Emit the line that holds "Бомаг BW 135AD 2013" and all lines following it through the end of the data, verbatim, and nothing else.
########################################
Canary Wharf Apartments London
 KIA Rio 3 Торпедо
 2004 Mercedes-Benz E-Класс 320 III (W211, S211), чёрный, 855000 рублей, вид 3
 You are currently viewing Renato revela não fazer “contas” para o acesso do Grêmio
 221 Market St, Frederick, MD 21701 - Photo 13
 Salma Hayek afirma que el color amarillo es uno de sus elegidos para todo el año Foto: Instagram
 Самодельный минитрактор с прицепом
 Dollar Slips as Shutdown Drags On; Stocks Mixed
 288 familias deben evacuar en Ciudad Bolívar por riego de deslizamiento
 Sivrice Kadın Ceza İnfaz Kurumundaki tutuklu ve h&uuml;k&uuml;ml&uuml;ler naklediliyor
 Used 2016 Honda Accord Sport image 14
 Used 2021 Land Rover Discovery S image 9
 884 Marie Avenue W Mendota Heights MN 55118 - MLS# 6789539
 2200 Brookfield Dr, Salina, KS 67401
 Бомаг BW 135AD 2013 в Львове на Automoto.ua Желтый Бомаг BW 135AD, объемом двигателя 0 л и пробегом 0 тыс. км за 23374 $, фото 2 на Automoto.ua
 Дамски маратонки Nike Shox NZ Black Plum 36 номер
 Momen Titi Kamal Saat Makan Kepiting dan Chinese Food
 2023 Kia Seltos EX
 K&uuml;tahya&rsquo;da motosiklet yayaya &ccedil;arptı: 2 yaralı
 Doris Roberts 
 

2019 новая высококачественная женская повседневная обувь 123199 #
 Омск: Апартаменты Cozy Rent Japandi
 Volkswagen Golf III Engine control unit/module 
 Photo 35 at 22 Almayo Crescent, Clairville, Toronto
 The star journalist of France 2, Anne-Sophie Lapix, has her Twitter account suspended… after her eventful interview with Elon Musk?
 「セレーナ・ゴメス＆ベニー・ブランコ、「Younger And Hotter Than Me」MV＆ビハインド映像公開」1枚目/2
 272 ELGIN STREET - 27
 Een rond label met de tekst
########################################
**Result of the exercise**
 Бомаг BW 135AD 2013 в Львове на Automoto.ua Желтый Бомаг BW 135AD, объемом двигателя 0 л и пробегом 0 тыс. км за 23374 $, фото 2 на Automoto.ua
 Дамски маратонки Nike Shox NZ Black Plum 36 номер
 Momen Titi Kamal Saat Makan Kepiting dan Chinese Food
 2023 Kia Seltos EX
 K&uuml;tahya&rsquo;da motosiklet yayaya &ccedil;arptı: 2 yaralı
 Doris Roberts 
 

2019 новая высококачественная женская повседневная обувь 123199 #
 Омск: Апартаменты Cozy Rent Japandi
 Volkswagen Golf III Engine control unit/module 
 Photo 35 at 22 Almayo Crescent, Clairville, Toronto
 The star journalist of France 2, Anne-Sophie Lapix, has her Twitter account suspended… after her eventful interview with Elon Musk?
 「セレーナ・ゴメス＆ベニー・ブランコ、「Younger And Hotter Than Me」MV＆ビハインド映像公開」1枚目/2
 272 ELGIN STREET - 27
 Een rond label met de tekst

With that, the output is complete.